Ga direct naar de inhoud Ga direct naar de footer

BAC 2022-08699 

Samenvatting

De Bezwaarschriftenadviescommissie (hierna: de Commissie) adviseert UHT om het bezwaar tegen de beschikking met kenmerk UHT-DC I deels gegrond te verklaren. De Commissie adviseert UHT om de bezwaren tegen de beschikkingen met kenmerken UHT-DC-I A en UHT-DH5 A ongegrond te verklaren. Belanghebbende heeft op 8 juni 2020 schriftelijk verzocht om een herbeoordeling van de kinderopvangtoeslag (hierna: KOT) over de jaren 2009 tot en met 2014. De Commissie constateert dat UHT op 21 december 2023 heeft bevestigd dat de brief van 24 december 2010 is gekwalificeerd als de eerste neerwaartse correctiebeschikking en adviseert UHT de berekening opnieuw uit te voeren met 24 december 2010 als startdatum. De Commissie verwijst naar artikel 2.3 sub 4 Wht en de memorie van toelichting waarin is bepaald dat het bedrag voor immateriële schade per gedupeerde aanvrager eenmaal wordt toegekend, ongeacht of deze aanvrager over een of over meerdere berekeningsjaren is gedupeerd door institutionele vooringenomenheid of hardheid.
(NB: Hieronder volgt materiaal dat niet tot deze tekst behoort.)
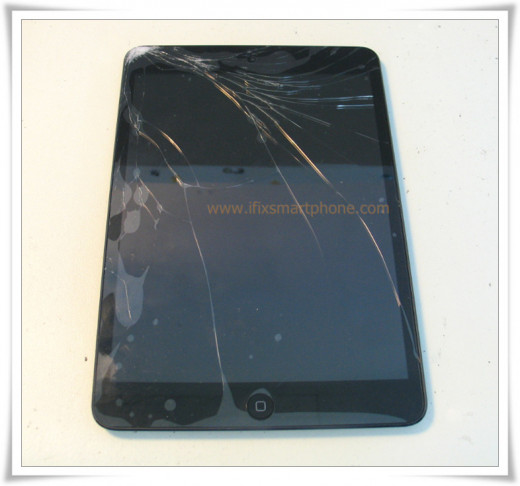 broken iPad mini screen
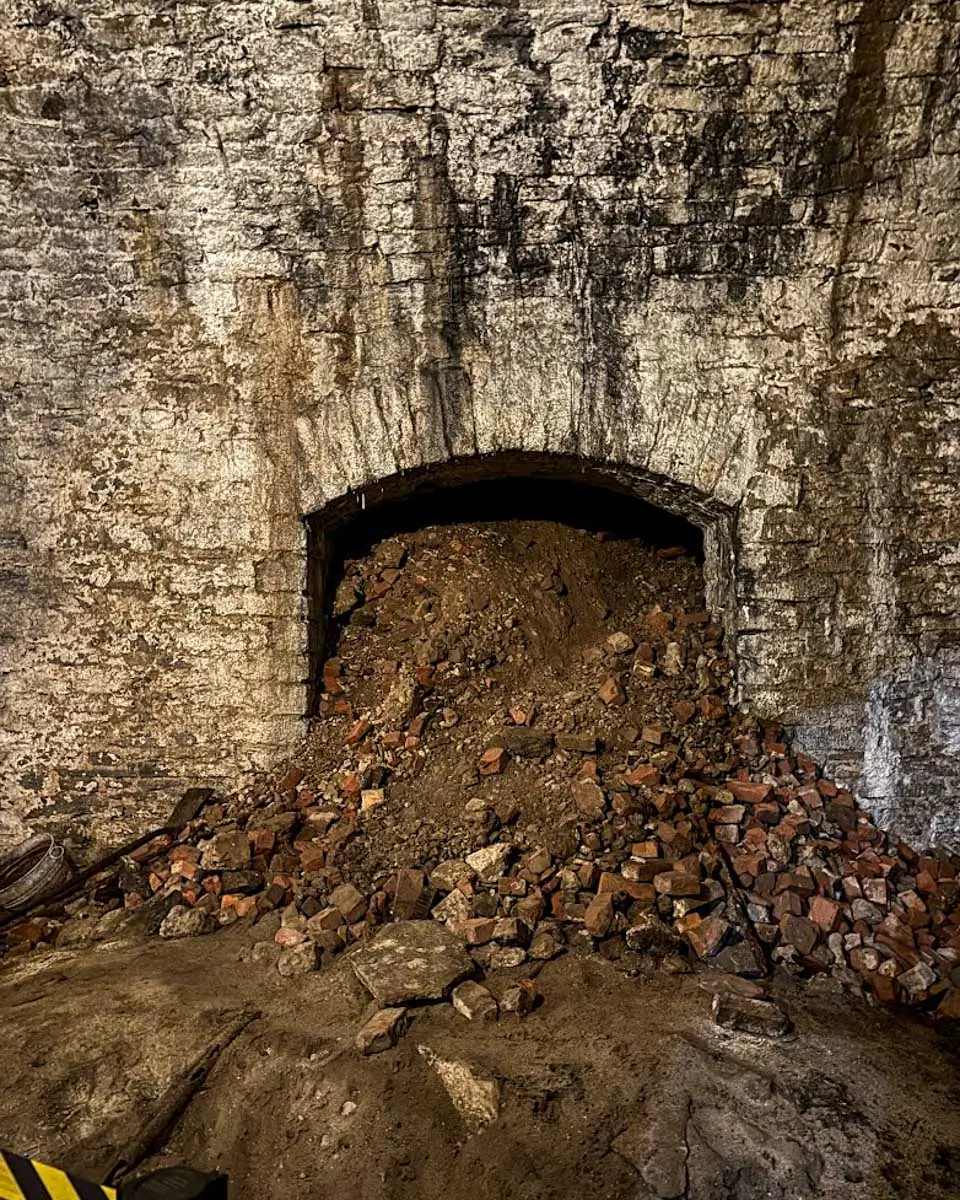 Inside the Brewery tunnels in Cincinnati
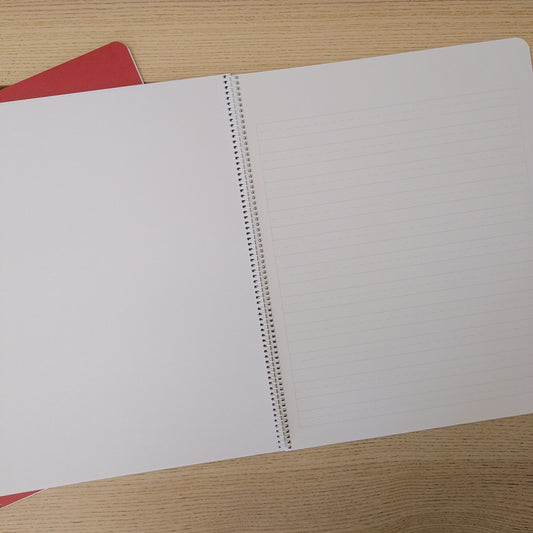 Literacy Lined / Blank Main Lesson Book | Spiral Bound | Portrait 28x35.5cm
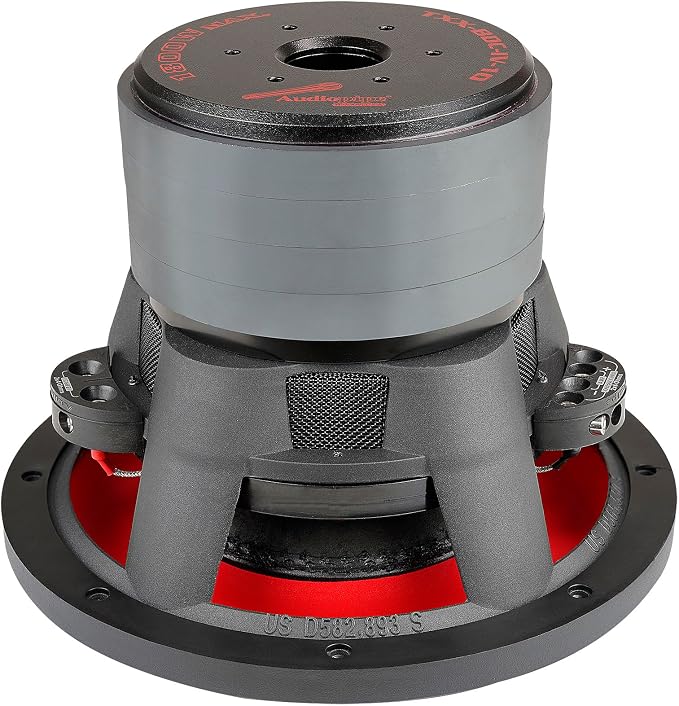 10" Quad Stack Composite Cone Subwoofer (TXX-BDC-IV-10), Superior Performance, 1800W, 4 Magnets, BASV Voice Coil, Aluminum Basket, Multi-Connect, Non-Press Paper Cone, 2 x 4 Ohms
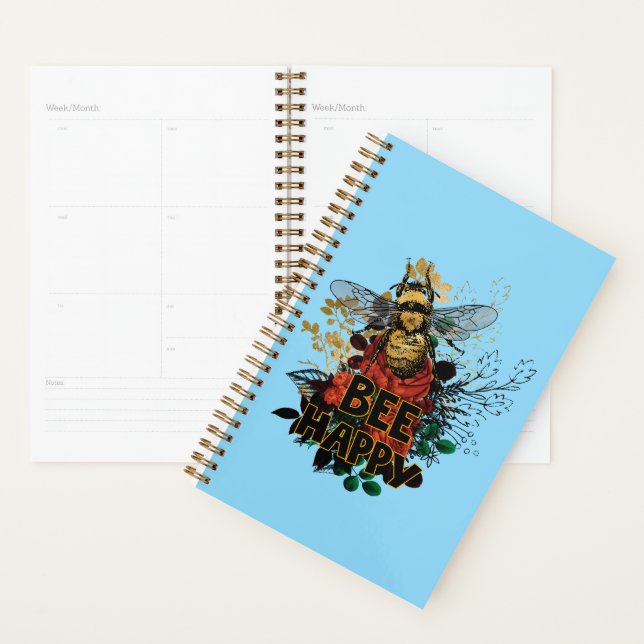Agenda Abelhas Coloridas Felizes e Flores (Exibição)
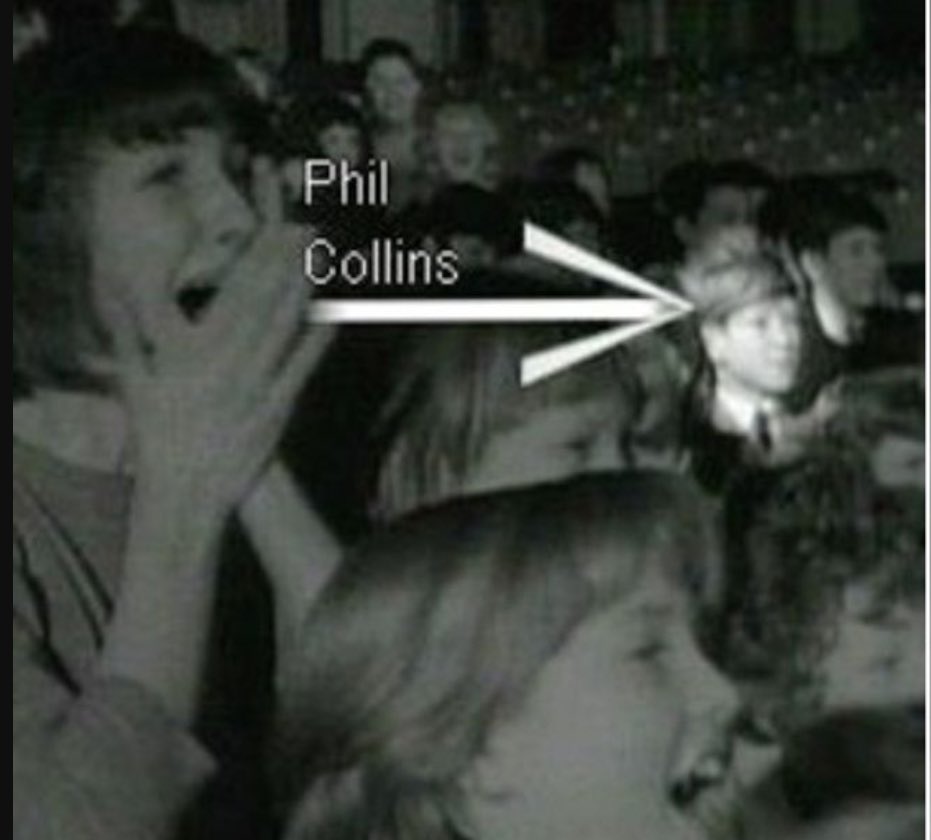 Phil Collins a forgatáson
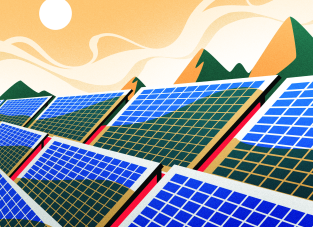 Großflächige Solarparks card artwork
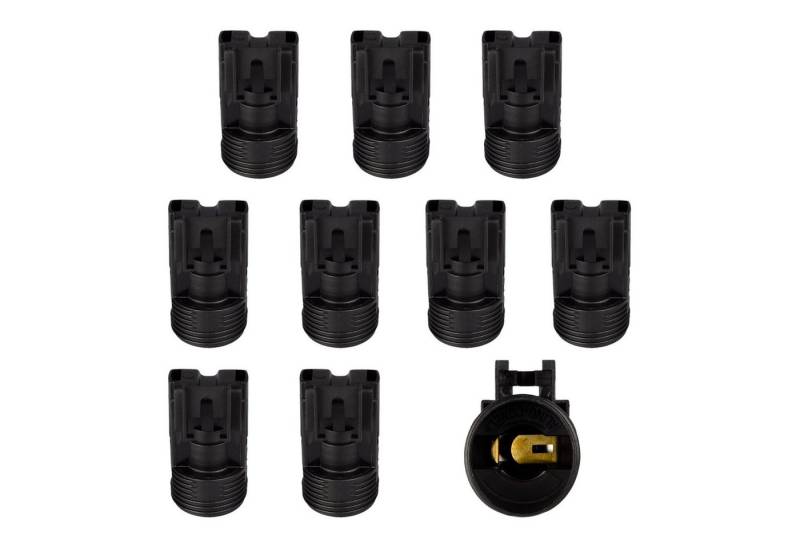 Aling Conel Lampenfassung E14 (PBT) Gewindefassung mit Halterung für M4 Schraube Schwarz 10 Stk, (Set, 10-St) von Aling Conel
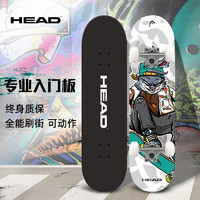 HEAD 海德 滑板成人双翘板儿童青少年初学者滑板车刷街专业板H22SK19滑板兔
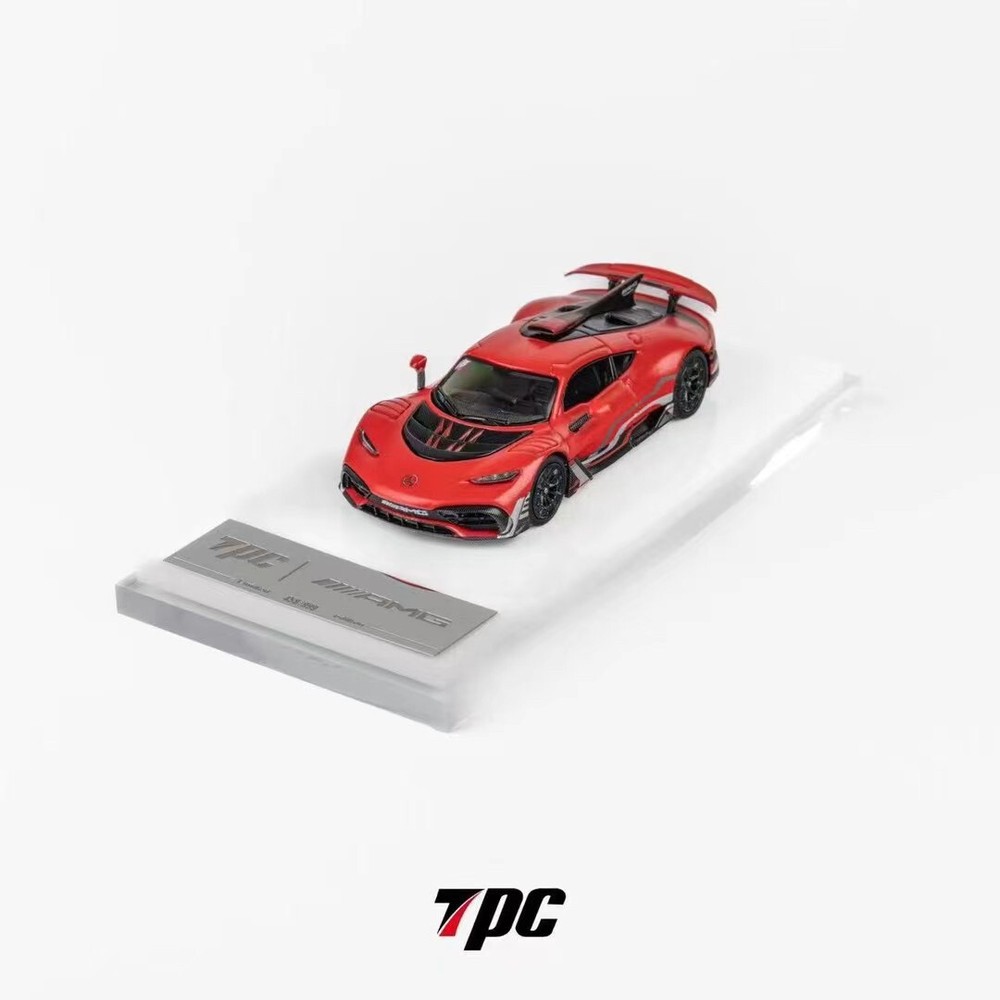 TPC 1:64 MERCEDES AMG ONE Limited Diecast Car Model Collection Red Alloy Vehicle
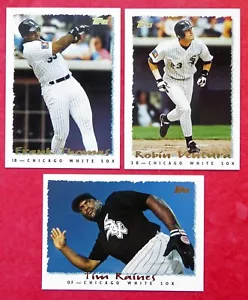 1995 Topps Chicago White Sox Team Set con scambiato (29 carte) - Foto 1 di 2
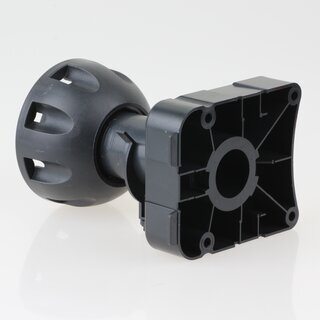 Hfele Mbel Sockelverstellfu zum Schrauben 110-138mm Kunststoff schwarz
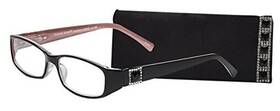 E9092s-150-650 Select-a-vision Eyewear Womens Victoria Klein Crystals 9092 Pink Rectangular Reading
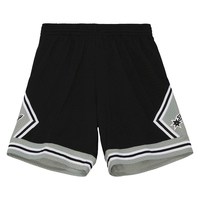 移动端：Mitchell&Ness MN马刺队77-78赛季球裤复古撞色透气轻便休闲运动短裤球迷版男NBA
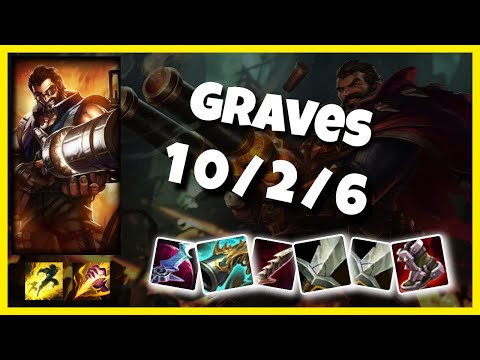Graves vs Kindred ECLIPSE EU Challenger JUNGLE (10/2/6) - v10.24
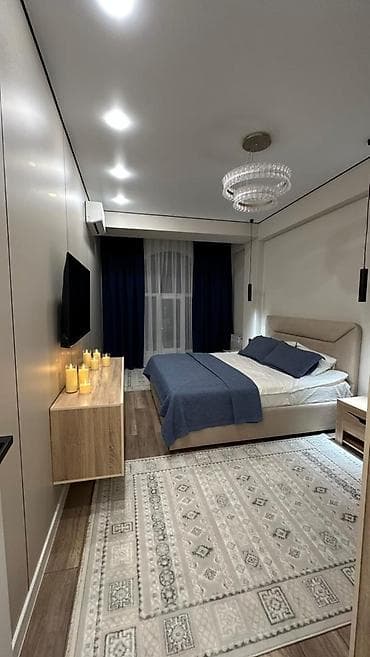 Батирлер: 1 бөлмө, 42 м², Элитка, 14 кабат, Евроремонт — 6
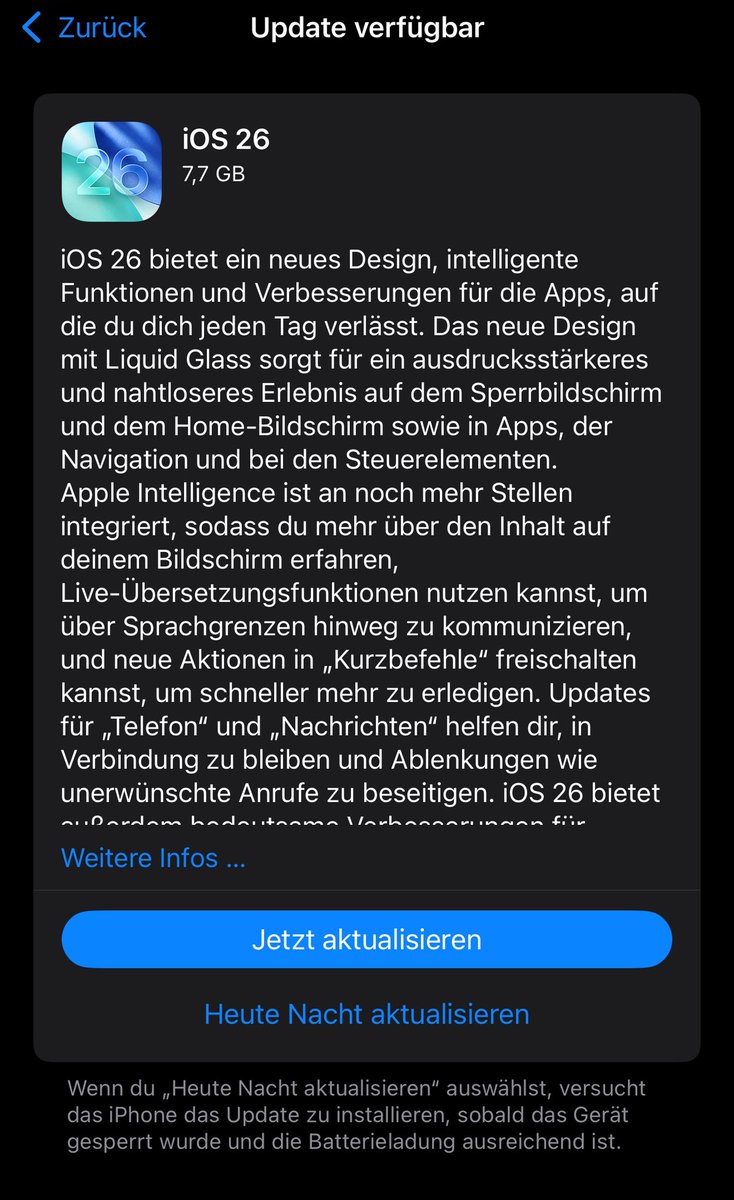 Here we go, iOS 26 ^^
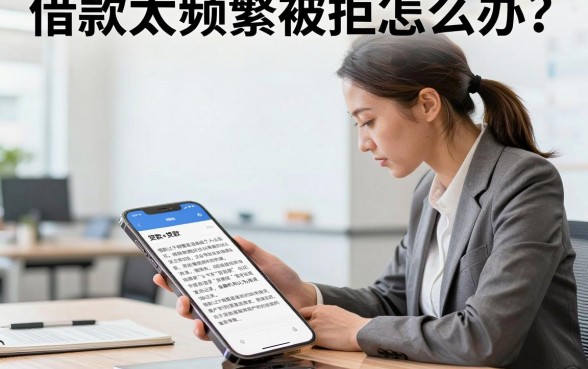 借款太频繁被拒怎么办?频繁借款对征信有什么影响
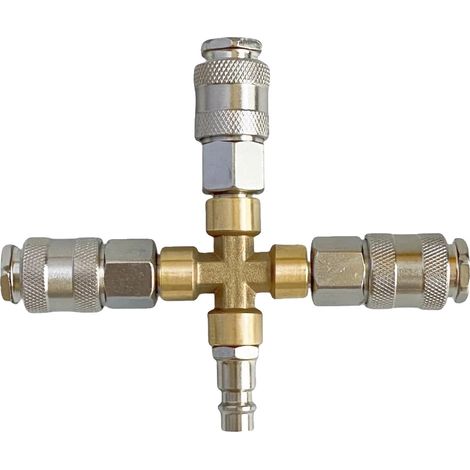 Distributeur Pneumatique, Raccords 2-3 Voies, Conception à Raccord Rapide, 3 façons (1/2)
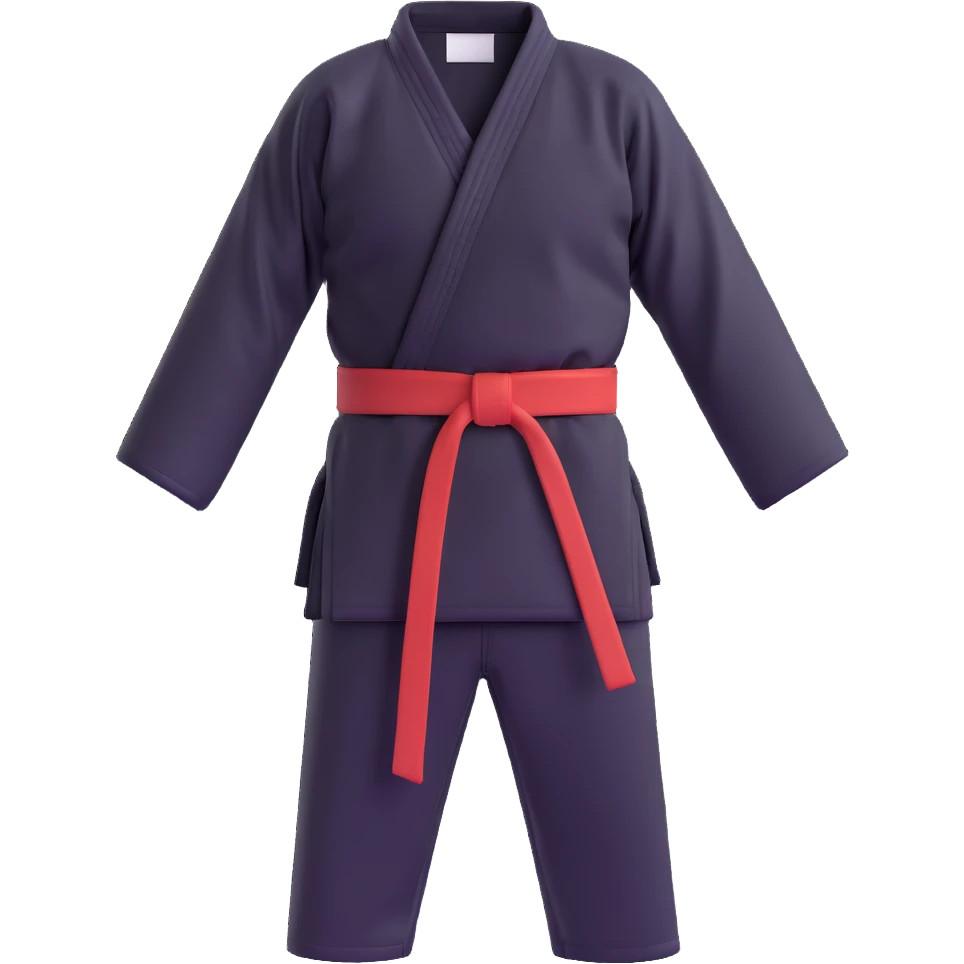 traditional karate gi white uniform with belt emoji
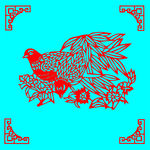 花鸟剪纸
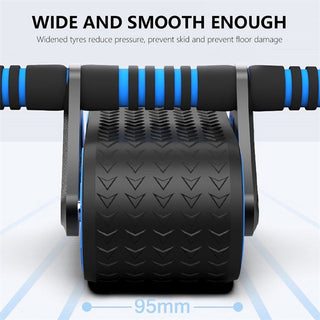 Double Wheel Abdominal Exerciser – Automatic Rebound Ab Wheel Roller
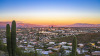 A picture of the Tucson city skyline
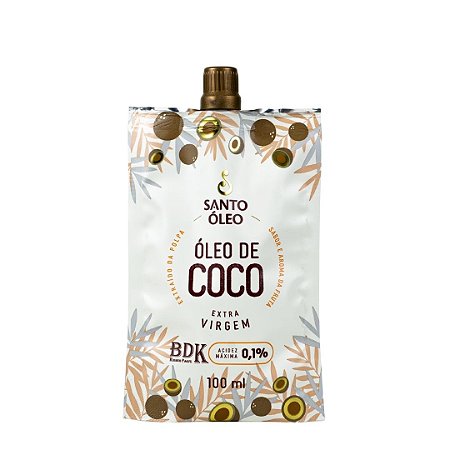 OLEO DE COCO EXTRAVIRGEM DA POLPA POUCH 100ML SANTO OLEO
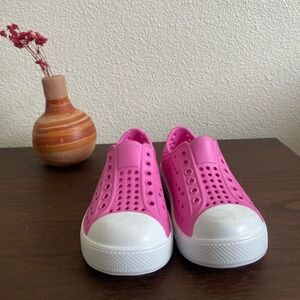 Kids Pink Slip-On Shoes
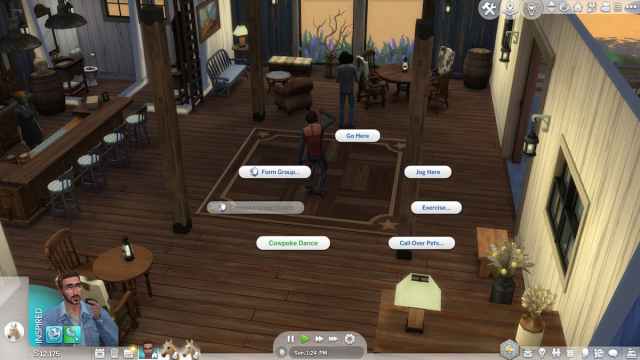 Selecting Cowpoke Dance in Sims 4 Horse Ranch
Indien belanghebbende meent recht te hebben op een hoger bedrag aan immateriële schadevergoeding dan is ontvangen naar aanleiding van de integrale beoordeling, kan belanghebbende daartoe een verzoek kan indienen bij de Commissie Werkelijke Schade. Belanghebbende heeft recht op proceskostenvergoeding met betrekking tot het eerste bezwaar.